Chromebook/Google Hardware Capabilites Question

  • Moderator

    Not really a feature request, more of a probing question. Can someone describe any and all capabilities FOG has with Chromebooks if any? This could be construed as a stupid question, but like I said, just probing. The reason I ask is our district is moving to more Chromebooks for students (eventually a 1 to 1 program). I know and trust FOG and it would be great if there was a way to automatically register them with our network and Google Console. I know FOG has been embraced by school districts as the largest demographic, and the climate at both districts I have worked at has been that Google is the future. GAFE, chromebooks, chrome bases, etc. Feel free to be blunt with me, if this isn’t the direction FOG is going, no love lost. We will still have plenty of PC’s in our district for the foreseeable future.


  • @fry_p My department manually enrolls over 1K Chromebooks about every semester.

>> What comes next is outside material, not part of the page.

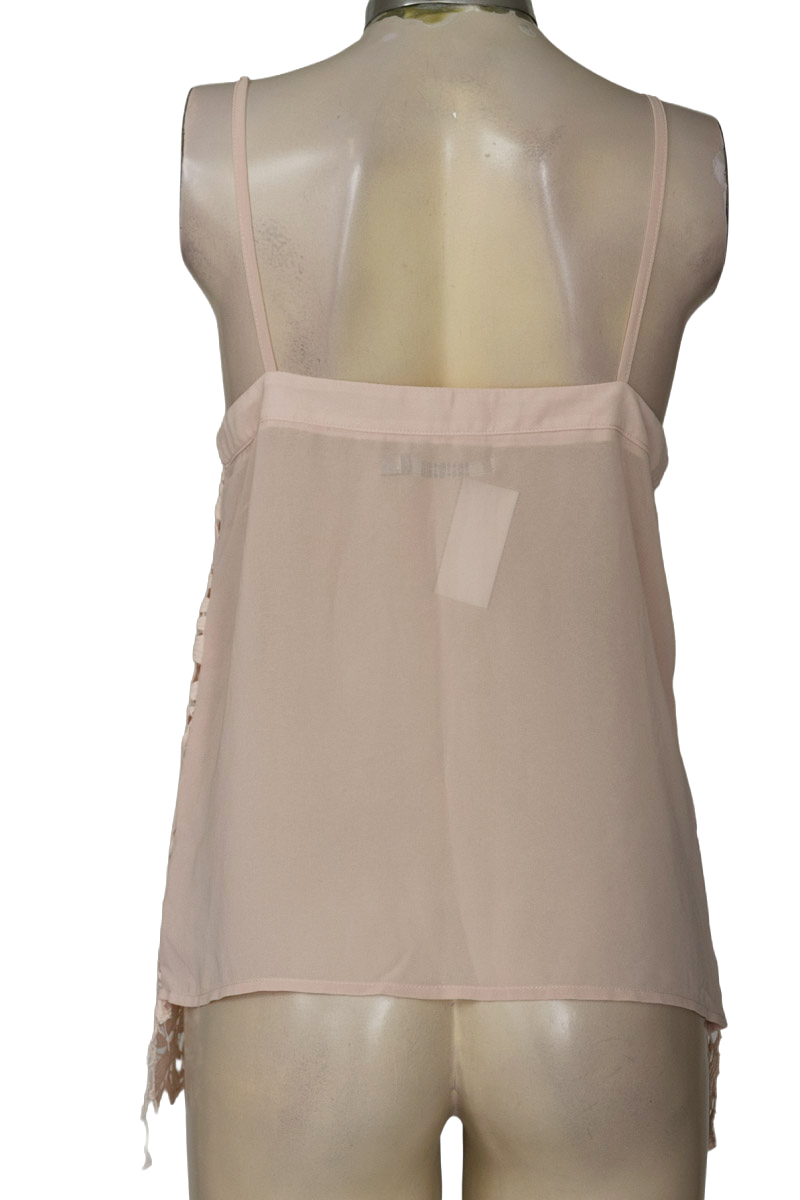 Blusa color Rosado - Basement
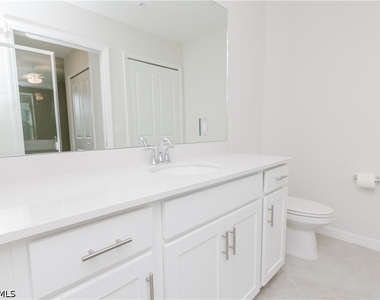 18411 Copperhead Court N - Photo Thumbnail 12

    That easy compared to putting the carts for them together and wiring them, figuring 30 power adapters in a space the size of a mini-fridge. If it’s not done thoughtfully, the carts will be completely destroyed by usage - cables strung everywhere. Sometimes we use 100 zip ties per cart.

  • Moderator

    said in Chromebook/Google Hardware Capabilites Question:

    register them with our network and Google Console

    Understand I don’t have a clue about chromebook management so take this with that understanding…

    First you can get FOG to capture/deploy these chromebooks as long as they are on r41 or newer. You will just have to make an iPXE usb boot stick. From there you can pxe boot into the fog menu and do your business.

    On the chromebook registration I’ve found two documents.

    And it appears that google does have some APIs that you can call.

    If you can find the right API, you can call them with a fog post install script assuming you can collect the information needed in the post install script.

  • Moderator

    Thanks everybody for your thoughts. We rely heavily on the Google Admin Console, so I think we are going to do it the old fashioned way for now. We will also pay for the White Glove on them for the time being. I did hear about an interesting method for automation of the registration to google console and wifi. There are USB devices called “rubber ducky” sticks. They are keystroke injectors that if used for the powers of good, can help you. Theoretically, once you capture the desired clicks and keys, you can plug it into chromebooks and the process will be replicated. They run for about 50 bucks a piece, so we may get 5 or so to save white glove money in the future.

  • @fry_p

    We have Chromebooks in our district. 120 of them. We are putting all of these into service this coming Fall. That said, we are new to using FOG too. We did a small test in our district with 40 of them this past Spring. It went so well that we decided to obviously move forward.

    That said, Google has a great management console that allows you to control what is on them all from a web gui within their Google Account framework. They offer a management console that allows you to control printers and apps along with many many other things. We did opt to pay the 5 dollar per unit fee to use those features. It’s well well worth the money. Unlike Microsoft that licence carries over even if the chromebook gets destroyed or lost.

    Hope that helps.



  • Moderator

    @Wayne-Workman Great find.

    It looks like Chrome OS r41 (as noted as a requirement in the linked article) was released in Mar 2016 so it should be available on new Chrome books (said never touching a chrome book). So it looks like the OP is one step closer to getting what is needed. The next issue is to determine firmware mode bios/uefi and then if/when booting from a usb drive, see if the nonvolatile storage is enabled to update/change.

  • Moderator

    @Tom-Elliott You are right I forgot about no pxe booting. But we do have 2 solutions for systems that don’t have pxe booting capabilities, but they do rely on being able to boot from usb flash media. It would be interesting to know if the F10/F12 keys will bring the prebooting computer into a boot menu. Unless they load the hard drive outside of the system, they need to be able to boot the chromebook through some other method when building the darn thing.

  • Theoretically FOG will work on chromebooks, but chromebooks do not have a means to boot across PXE. There’s no “BIOS” persay so there’s no simple way to boot via other means. You can try a USB Flash drive to see if it can even be booted to iPXE/FOS though, but I suspect this will not work.

  • Moderator

    First let me say I don’t have a clue about chrome books.

    With that said, if they are Intel x86 compatible and are supported by the linux kernel then FOG should be able to image them correctly. If I remember right chrome uses ext2 formatted disks so that shouldn’t be a problem for linux. Chrome is a customized form of linux so you should be OK there too.

    What I don’t know, what are the steps required to register these chrome books in the Google console. I would say if there is a way to do it with linux then you can process that request in a FOG power download script. Where you would call a magical linux application or bash script to register the device with the Google Console. On the surface it would seem possible.

    I know I’ve seen other posts in the FOG forums where people have successfully imaged them with FOG.